* Extracted data:
____
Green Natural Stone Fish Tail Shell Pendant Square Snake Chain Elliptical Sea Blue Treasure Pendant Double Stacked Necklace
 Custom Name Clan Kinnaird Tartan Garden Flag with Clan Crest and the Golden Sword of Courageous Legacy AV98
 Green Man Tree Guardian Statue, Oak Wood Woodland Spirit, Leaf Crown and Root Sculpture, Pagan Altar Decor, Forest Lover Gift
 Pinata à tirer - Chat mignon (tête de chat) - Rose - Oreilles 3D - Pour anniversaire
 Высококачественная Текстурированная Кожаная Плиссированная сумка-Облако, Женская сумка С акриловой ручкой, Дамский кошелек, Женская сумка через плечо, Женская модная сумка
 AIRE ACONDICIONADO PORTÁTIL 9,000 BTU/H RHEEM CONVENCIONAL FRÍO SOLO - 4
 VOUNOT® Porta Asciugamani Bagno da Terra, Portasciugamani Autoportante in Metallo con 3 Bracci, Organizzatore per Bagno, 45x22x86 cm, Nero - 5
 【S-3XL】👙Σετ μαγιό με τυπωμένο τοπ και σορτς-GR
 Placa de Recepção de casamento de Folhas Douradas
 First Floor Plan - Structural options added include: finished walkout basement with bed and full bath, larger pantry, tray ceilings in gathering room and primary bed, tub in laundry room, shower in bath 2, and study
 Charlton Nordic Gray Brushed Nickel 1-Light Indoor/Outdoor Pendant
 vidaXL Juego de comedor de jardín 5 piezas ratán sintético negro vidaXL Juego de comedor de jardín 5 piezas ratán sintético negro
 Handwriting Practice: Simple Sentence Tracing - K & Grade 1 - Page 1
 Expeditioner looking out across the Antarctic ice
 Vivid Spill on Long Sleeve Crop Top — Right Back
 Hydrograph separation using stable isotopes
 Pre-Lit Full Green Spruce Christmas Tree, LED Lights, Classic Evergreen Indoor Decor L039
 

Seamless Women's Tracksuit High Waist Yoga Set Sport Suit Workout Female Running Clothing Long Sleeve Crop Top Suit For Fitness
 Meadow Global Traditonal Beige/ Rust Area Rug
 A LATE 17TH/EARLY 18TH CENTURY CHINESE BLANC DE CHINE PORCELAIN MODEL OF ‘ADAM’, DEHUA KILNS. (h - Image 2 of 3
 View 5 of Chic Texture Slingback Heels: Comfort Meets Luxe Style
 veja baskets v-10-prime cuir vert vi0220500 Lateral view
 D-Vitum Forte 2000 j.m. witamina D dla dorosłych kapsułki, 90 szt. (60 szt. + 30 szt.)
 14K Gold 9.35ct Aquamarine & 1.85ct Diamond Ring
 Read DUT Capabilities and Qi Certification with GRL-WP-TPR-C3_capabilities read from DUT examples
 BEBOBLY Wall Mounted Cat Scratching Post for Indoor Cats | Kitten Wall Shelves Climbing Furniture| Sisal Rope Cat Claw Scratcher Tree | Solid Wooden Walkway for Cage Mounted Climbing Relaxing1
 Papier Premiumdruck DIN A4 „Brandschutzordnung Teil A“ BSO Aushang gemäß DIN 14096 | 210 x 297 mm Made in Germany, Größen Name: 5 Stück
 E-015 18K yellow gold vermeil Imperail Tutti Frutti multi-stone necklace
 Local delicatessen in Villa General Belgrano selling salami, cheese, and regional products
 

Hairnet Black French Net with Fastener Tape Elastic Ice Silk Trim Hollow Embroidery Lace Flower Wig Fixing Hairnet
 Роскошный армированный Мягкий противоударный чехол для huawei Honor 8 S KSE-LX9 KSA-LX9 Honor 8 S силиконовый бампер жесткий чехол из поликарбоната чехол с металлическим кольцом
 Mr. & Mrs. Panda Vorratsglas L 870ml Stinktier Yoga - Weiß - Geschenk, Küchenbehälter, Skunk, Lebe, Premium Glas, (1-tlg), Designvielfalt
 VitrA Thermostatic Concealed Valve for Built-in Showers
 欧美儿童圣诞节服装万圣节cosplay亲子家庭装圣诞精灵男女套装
____
* Your task: Each record must be copied out exactly and in full.

* Written response:
Green Natural Stone Fish Tail Shell Pendant Square Snake Chain Elliptical Sea Blue Treasure Pendant Double Stacked Necklace
 Custom Name Clan Kinnaird Tartan Garden Flag with Clan Crest and the Golden Sword of Courageous Legacy AV98
 Green Man Tree Guardian Statue, Oak Wood Woodland Spirit, Leaf Crown and Root Sculpture, Pagan Altar Decor, Forest Lover Gift
 Pinata à tirer - Chat mignon (tête de chat) - Rose - Oreilles 3D - Pour anniversaire
 Высококачественная Текстурированная Кожаная Плиссированная сумка-Облако, Женская сумка С акриловой ручкой, Дамский кошелек, Женская сумка через плечо, Женская модная сумка
 AIRE ACONDICIONADO PORTÁTIL 9,000 BTU/H RHEEM CONVENCIONAL FRÍO SOLO - 4
 VOUNOT® Porta Asciugamani Bagno da Terra, Portasciugamani Autoportante in Metallo con 3 Bracci, Organizzatore per Bagno, 45x22x86 cm, Nero - 5
 【S-3XL】👙Σετ μαγιό με τυπωμένο τοπ και σορτς-GR
 Placa de Recepção de casamento de Folhas Douradas
 First Floor Plan - Structural options added include: finished walkout basement with bed and full bath, larger pantry, tray ceilings in gathering room and primary bed, tub in laundry room, shower in bath 2, and study
 Charlton Nordic Gray Brushed Nickel 1-Light Indoor/Outdoor Pendant
 vidaXL Juego de comedor de jardín 5 piezas ratán sintético negro vidaXL Juego de comedor de jardín 5 piezas ratán sintético negro
 Handwriting Practice: Simple Sentence Tracing - K & Grade 1 - Page 1
 Expeditioner looking out across the Antarctic ice
 Vivid Spill on Long Sleeve Crop Top — Right Back
 Hydrograph separation using stable isotopes
 Pre-Lit Full Green Spruce Christmas Tree, LED Lights, Classic Evergreen Indoor Decor L039
 

Seamless Women's Tracksuit High Waist Yoga Set Sport Suit Workout Female Running Clothing Long Sleeve Crop Top Suit For Fitness
 Meadow Global Traditonal Beige/ Rust Area Rug
 A LATE 17TH/EARLY 18TH CENTURY CHINESE BLANC DE CHINE PORCELAIN MODEL OF ‘ADAM’, DEHUA KILNS. (h - Image 2 of 3
 View 5 of Chic Texture Slingback Heels: Comfort Meets Luxe Style
 veja baskets v-10-prime cuir vert vi0220500 Lateral view
 D-Vitum Forte 2000 j.m. witamina D dla dorosłych kapsułki, 90 szt. (60 szt. + 30 szt.)
 14K Gold 9.35ct Aquamarine & 1.85ct Diamond Ring
 Read DUT Capabilities and Qi Certification with GRL-WP-TPR-C3_capabilities read from DUT examples
 BEBOBLY Wall Mounted Cat Scratching Post for Indoor Cats | Kitten Wall Shelves Climbing Furniture| Sisal Rope Cat Claw Scratcher Tree | Solid Wooden Walkway for Cage Mounted Climbing Relaxing1
 Papier Premiumdruck DIN A4 „Brandschutzordnung Teil A“ BSO Aushang gemäß DIN 14096 | 210 x 297 mm Made in Germany, Größen Name: 5 Stück
 E-015 18K yellow gold vermeil Imperail Tutti Frutti multi-stone necklace
 Local delicatessen in Villa General Belgrano selling salami, cheese, and regional products
 

Hairnet Black French Net with Fastener Tape Elastic Ice Silk Trim Hollow Embroidery Lace Flower Wig Fixing Hairnet
 Роскошный армированный Мягкий противоударный чехол для huawei Honor 8 S KSE-LX9 KSA-LX9 Honor 8 S силиконовый бампер жесткий чехол из поликарбоната чехол с металлическим кольцом
 Mr. & Mrs. Panda Vorratsglas L 870ml Stinktier Yoga - Weiß - Geschenk, Küchenbehälter, Skunk, Lebe, Premium Glas, (1-tlg), Designvielfalt
 VitrA Thermostatic Concealed Valve for Built-in Showers
 欧美儿童圣诞节服装万圣节cosplay亲子家庭装圣诞精灵男女套装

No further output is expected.